_Exercise_
Could you print every line from the first one of the records below through the line containing "Replacement Parts Brush", with both included and nothing else?

[Web page caption snippets]
* * *

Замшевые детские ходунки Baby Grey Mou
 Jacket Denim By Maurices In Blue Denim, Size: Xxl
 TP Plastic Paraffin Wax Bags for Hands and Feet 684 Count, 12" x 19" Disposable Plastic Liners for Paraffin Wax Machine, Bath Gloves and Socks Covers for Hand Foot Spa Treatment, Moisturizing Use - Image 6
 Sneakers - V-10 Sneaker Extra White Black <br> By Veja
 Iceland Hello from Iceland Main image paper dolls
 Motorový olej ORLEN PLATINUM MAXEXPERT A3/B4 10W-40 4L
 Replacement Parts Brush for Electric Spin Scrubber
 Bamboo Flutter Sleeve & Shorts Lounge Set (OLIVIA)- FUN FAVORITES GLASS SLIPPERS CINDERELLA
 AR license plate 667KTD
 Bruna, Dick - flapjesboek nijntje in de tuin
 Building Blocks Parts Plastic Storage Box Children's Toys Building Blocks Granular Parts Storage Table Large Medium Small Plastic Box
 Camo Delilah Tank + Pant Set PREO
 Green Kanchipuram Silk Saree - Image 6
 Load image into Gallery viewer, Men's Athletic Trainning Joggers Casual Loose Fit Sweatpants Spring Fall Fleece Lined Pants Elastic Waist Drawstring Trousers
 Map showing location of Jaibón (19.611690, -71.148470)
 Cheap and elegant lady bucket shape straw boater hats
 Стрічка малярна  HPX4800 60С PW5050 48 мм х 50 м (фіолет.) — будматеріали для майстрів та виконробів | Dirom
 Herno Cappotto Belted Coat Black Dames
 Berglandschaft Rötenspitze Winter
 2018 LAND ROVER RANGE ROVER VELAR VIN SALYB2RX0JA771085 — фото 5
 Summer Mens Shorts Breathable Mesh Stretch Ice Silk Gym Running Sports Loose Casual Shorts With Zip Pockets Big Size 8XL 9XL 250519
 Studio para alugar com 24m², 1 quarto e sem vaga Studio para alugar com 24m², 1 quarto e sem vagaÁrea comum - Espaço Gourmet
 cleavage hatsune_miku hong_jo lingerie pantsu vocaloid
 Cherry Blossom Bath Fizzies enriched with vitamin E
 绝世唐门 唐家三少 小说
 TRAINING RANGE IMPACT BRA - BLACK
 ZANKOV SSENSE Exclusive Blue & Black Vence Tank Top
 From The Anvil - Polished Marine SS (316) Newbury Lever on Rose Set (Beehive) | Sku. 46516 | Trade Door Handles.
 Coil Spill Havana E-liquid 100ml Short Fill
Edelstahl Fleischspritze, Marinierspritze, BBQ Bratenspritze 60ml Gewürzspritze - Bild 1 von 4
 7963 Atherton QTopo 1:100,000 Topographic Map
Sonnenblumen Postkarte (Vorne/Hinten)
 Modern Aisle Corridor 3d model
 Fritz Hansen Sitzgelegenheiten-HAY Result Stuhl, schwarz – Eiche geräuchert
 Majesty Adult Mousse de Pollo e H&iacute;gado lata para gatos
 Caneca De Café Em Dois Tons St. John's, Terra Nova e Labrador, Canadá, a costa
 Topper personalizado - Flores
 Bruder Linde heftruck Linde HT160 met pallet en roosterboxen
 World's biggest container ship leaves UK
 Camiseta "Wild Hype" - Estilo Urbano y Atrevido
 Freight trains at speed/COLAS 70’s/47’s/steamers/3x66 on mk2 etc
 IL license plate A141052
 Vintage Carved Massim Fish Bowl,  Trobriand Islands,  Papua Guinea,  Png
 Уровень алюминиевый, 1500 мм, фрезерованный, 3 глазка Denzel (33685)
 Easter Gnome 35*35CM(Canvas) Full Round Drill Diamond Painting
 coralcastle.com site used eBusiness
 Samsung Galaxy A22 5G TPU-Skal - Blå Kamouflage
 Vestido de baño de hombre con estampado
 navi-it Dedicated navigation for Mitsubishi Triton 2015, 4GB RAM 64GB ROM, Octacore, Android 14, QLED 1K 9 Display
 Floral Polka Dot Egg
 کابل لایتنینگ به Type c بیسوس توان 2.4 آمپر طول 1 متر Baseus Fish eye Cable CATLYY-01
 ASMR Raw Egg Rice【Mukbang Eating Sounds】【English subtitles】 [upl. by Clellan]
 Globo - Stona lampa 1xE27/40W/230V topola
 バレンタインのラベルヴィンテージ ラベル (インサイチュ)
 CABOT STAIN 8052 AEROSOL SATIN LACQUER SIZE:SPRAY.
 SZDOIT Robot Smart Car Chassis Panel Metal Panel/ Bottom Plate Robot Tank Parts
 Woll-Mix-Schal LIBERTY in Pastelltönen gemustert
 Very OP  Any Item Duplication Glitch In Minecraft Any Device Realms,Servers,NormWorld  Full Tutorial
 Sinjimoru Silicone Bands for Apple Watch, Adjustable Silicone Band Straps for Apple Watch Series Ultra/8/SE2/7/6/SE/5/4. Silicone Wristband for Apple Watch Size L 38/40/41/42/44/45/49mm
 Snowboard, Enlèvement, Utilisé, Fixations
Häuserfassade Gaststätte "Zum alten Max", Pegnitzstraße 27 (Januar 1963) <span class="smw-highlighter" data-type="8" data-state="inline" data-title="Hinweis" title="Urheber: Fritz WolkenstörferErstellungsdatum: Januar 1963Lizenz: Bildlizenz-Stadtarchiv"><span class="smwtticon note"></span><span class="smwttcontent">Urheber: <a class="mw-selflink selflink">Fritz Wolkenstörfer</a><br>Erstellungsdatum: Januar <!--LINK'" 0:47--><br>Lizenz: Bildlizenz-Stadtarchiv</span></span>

* * *

_Solution for this exercise_
Замшевые детские ходунки Baby Grey Mou
 Jacket Denim By Maurices In Blue Denim, Size: Xxl
 TP Plastic Paraffin Wax Bags for Hands and Feet 684 Count, 12" x 19" Disposable Plastic Liners for Paraffin Wax Machine, Bath Gloves and Socks Covers for Hand Foot Spa Treatment, Moisturizing Use - Image 6
 Sneakers - V-10 Sneaker Extra White Black <br> By Veja
 Iceland Hello from Iceland Main image paper dolls
 Motorový olej ORLEN PLATINUM MAXEXPERT A3/B4 10W-40 4L
 Replacement Parts Brush for Electric Spin Scrubber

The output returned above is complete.